In late November, I started thinking about how and when to come back, but I was overwhelmed trying to catch up on all the stuff I’d missed, beating myself up over several blogging commitments that I just didn’t show up for, and the holidays were just around the corner. I was paralyzed. I felt like I had nothing to say and little to offer. And then, the week of Thanksgiving, this little girl showed up. Her name is Diesel.
She’s probably got genes from a dozen or more breeds of dog. Here mother is a Golden Retriever mix and her father is a Lab mix, but we know she has some Chow in her ancestry several generations back and she seems to think she’s a German Shepherd. Having to care for her somewhat jarred me out of the funk I had fallen into, but she was only two months old when we got her, so taking care of her has pretty much been a full-time job until the last week or so.
Then on New Years’ Eve, this fella showed up. We found him on our back porch hiding from the fireworks. We fed him and gave him a blanket, and he’s barely left the yard since. He’s a big dog, but he’s less than 8 months old because he doesn’t have all his adult teeth yet. He’s much less work — hardly any trouble, really. He’s an outside dog who likes to come in after school and play with the boy and the little puppy.
Anyway I’m somewhat better now, thanks in part to the doggies. I’m trying to figure out what I can do, blogging-wise, through the spring. I simply don’t have the time or the energy to get Sourcerer busy again right now, and that pains me. I put two years of my life into building that blog and dozens — if not scores — of people supported it, so it’s not something I can let go lightly.
I’m publishing this here today because I don’t want to post over at Sourcerer until I decide what to do with it — I don’t just want to post a couple of times there and then have it go silent for two or three more weeks. And I’m not ready to shut it down, so silence is the best option until I figure out what I want to do with it.
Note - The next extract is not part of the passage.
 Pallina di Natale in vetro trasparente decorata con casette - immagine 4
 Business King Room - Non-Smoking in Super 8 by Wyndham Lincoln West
I’m pretty much in a bind with the blogging. Keeping a blog humming the way Sourcerer was when it was firing on all cylinders last spring requires two things.
- The person who’s running it has to produce a lot of content and spend time on the blog at least every other day; and
- Posts have to be planned at least a week or two in advance, even if they are written at the last minute.
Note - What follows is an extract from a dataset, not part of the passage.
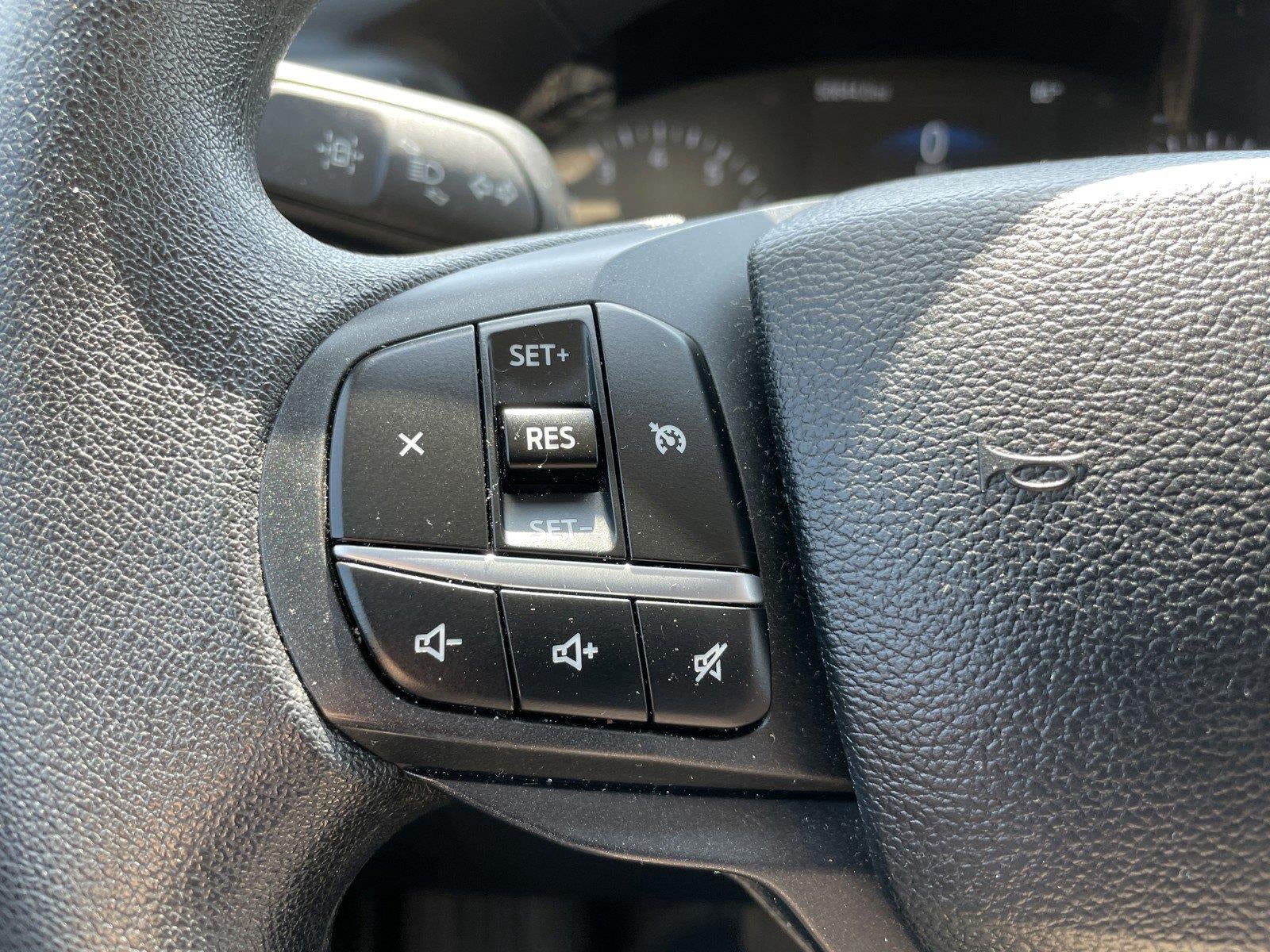 2022 Ford Explorer Base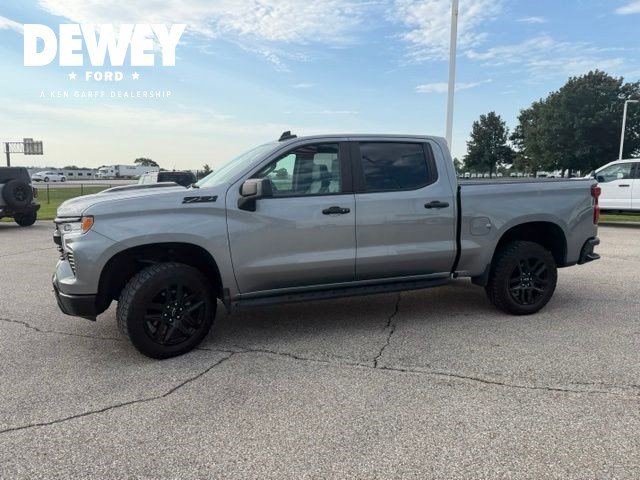 Used 2024 Chevrolet Silverado 1500 LT Trail Boss w/ Convenience Package II AWD/4WD image 7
I’m not in a position to do either of those things at the moment. I’ve not been able to predict my schedule more than three days in advance since I started packing my apartment the last week of May, and that seems to be the “new normal” for me. But at the same time, I really must blog. So, I’m setting what I feel is a reasonable goal for myself for February and March, and I’ll re-evaluate the situation the week of spring break.
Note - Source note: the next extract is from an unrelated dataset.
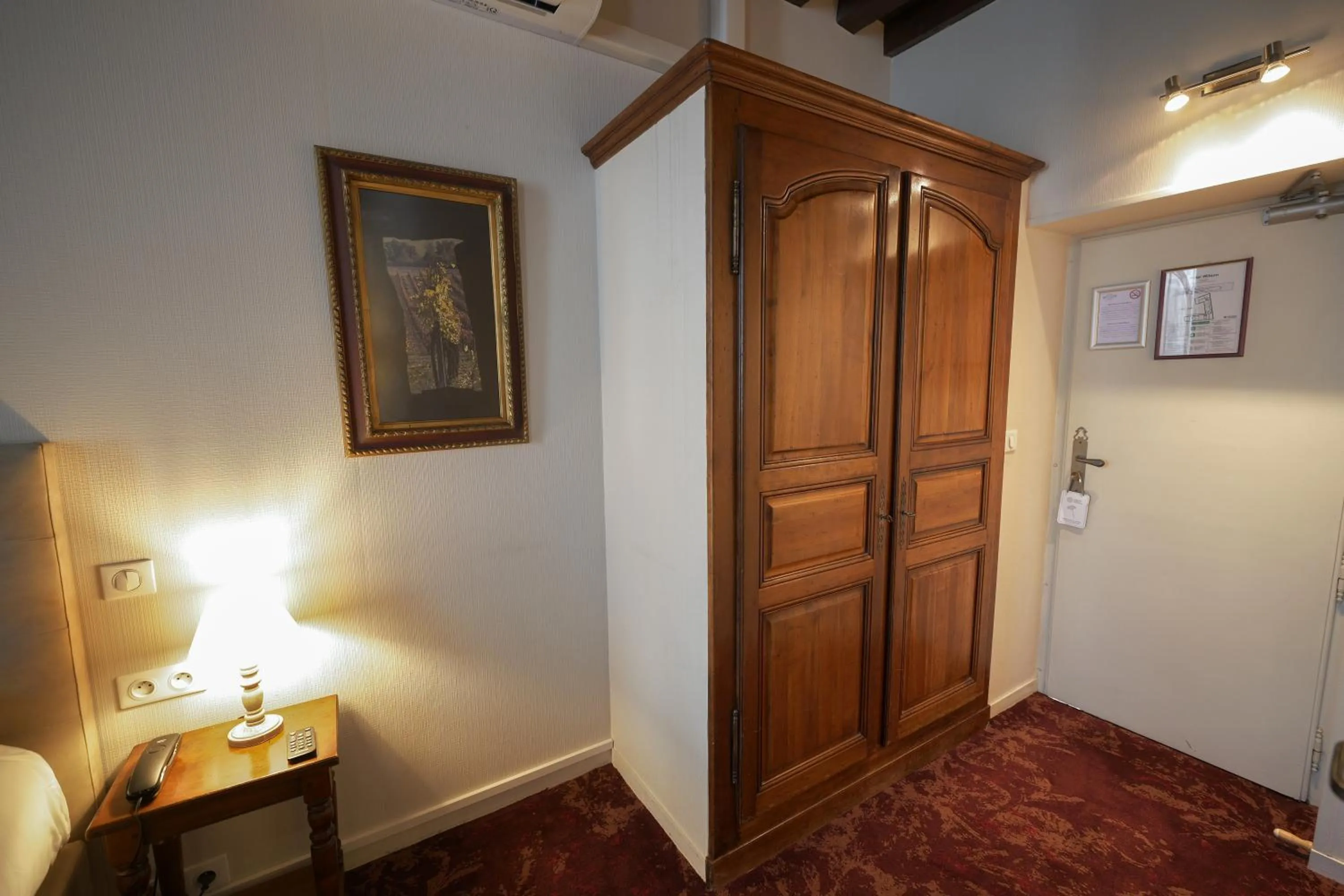 wardrobe in Hôtel Wilson - Teritoria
My blogging goal for the next couple of months is to produce a blog post per week, not counting the coffee share posts, which I’ll do here as often as I can. I’ll offer the one post per week to other bloggers. I have to give Part Time Monster and Comparative Geeks priority, because I doubt I would even be attempting this comeback if not for the support of Diana, David, and Holly. But I’m pretty much writing whatever I feel like writing, so it’s entirely possible that I’ll come up with some things to offer other friends, as well.
I also plan to get back to reading and sharing blogs at least one evening a week.
That’s all I’ve got for today. I’m back, but it will be awhile before I’m able to be all over the internet the way I was in 2014 and 2015. Honestly, I don’t know how I kept that up as long as I did. But it was fun, and it made me a lot of friends, so I hope I can get back there eventually.